While they’re both interesting reads with some valid (and not so valid) points, the idea that ROI and metrics are difficult to measure isn’t quite true. Nor should you only be measuring by brand awareness (although this is definitely a measurement gauge for social media).
In fact, social media can offer some of the best metrics for ROI around. All you need to do is set your success guides – what you want to achieve and how long you want to spend achieving it – and then measure your results against that.
A key component to many (if not most) social media campaigns, blogger outreach programs can offer some of the best mileage and results of any marketing tool. Measuring your success isn’t too difficult, either:
- How many bloggers wrote about you?
- How many comments did these posts receive?
- How many social shares did the post get?
- What was your traffic pre- and post-outreach?
- How much product did you have to provide for bloggers versus how many sales did you receive?
One of the darlings for any product launch, service or business, Twitter not only offers instant eyeballs but great returns as well. Again, measuring your impact is relatively simple:
- What was your retweet value?
- How often was your hashtag used?
- How many times was your vanity URL used?
- How many new (genuine) followers did you get while your promotion was on?
- If you used something like Sponsored Tweets, what was the cost versus click-through and conversion?
Fast becoming the key destination for many businesses and their products, Facebook offers some great built-in tools as well as demographic options to help gauge a campaign:
- How many new fans did you make over how many you targeted?
- How many times was your promotion message liked?
- If you built a Facebook application, how many times was it installed/shared?
- Were you successful reaching your target demographic (Facebook Insights can help you here)?
- How much did you spend on a Facebook ad and how did click-throughs and new sales/customers compare?
YouTube and Video Sites
More than just a fun place to see kids hurt themselves on bikes, YouTube is a key tool in any marketing campaign now – just ask the companies that used it to such effect during this year’s Super Bowl. Questions to ask:
- How many views did you get?
- How many Likes and Favourites did you receive?
- How many downloads did you get (on video sites that allow downloads)?
- How many embeds has your video seen elsewhere on the web?
- How many subscribers did your channel attract?
- If your video had a call to action with a vanity URL, how many times did this happen?
- How many social shares did you get?
As marketing evolves, so the different ways to reach an audience combine. Mobile marketing is the perfect complement to social marketing and measurement can easily be achieved:
- Did you use a push SMS system to drive traffic to a mobile-friendly site? If so, how many views did that account for?
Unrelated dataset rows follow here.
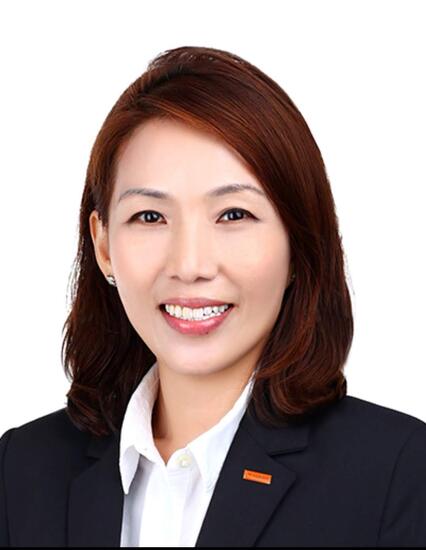 Agent Avatar
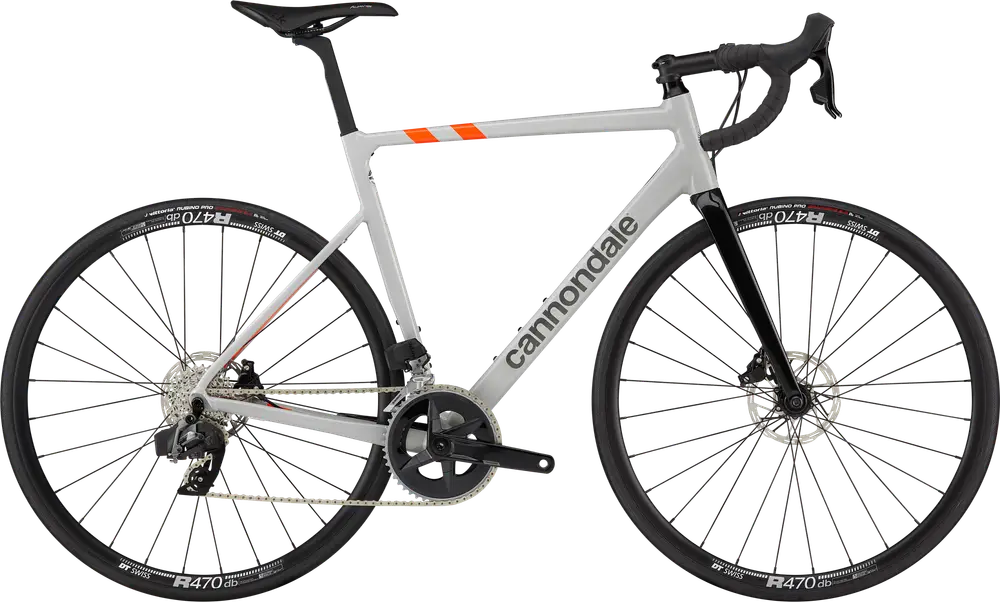 2cecd 2cecd - Велосипеды из Европы - CycleMotion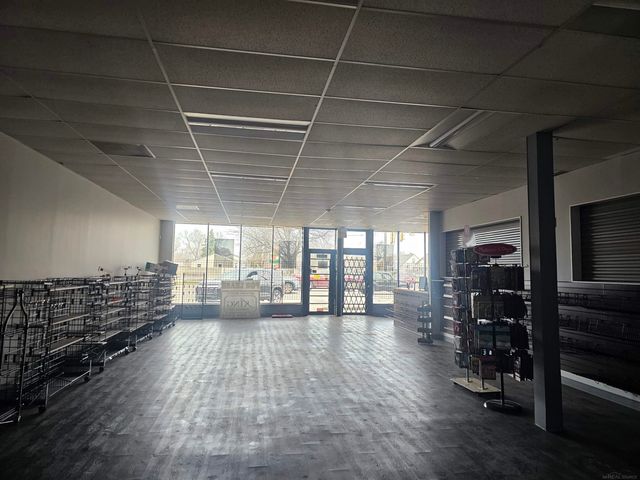 14976 10 mile Road, Eastpointe, MI 48021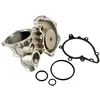 Image de Pompe à eau THERMOTEC D1B022TT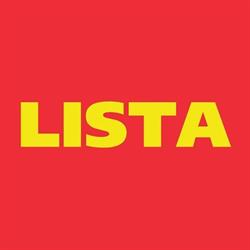 Horario de apertura Lista Granit, Aguceira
- Did you use QR codes, and if so, how many times were they used?
- How many downloads did your mobile app receive?
- How many check-ins were used on Gowalla and Foursquare?
- What was the most popular operating system (this can tell you a lot about your audience’s demographic and buying options)?
These are just some of the immediate ways you can measure how successful your goals were met. There are more still – monitoring tools and more defined analytics are other ways. It all depends how your goals are set and how you define success. Then compare man hours and financial outlay versus return to see how successful you were.
The point is, a lot of marketing can come down to luck and circumstance as much as brilliant strategy. I’ve seen some great campaigns flounder while crap ones succeed – timing and a welcoming audience are key.
However, one thing you can control is measurement. And with social media and mobile marketing, measuring metrics has never been easier.
How about you – how are you measuring your campaigns and defining success?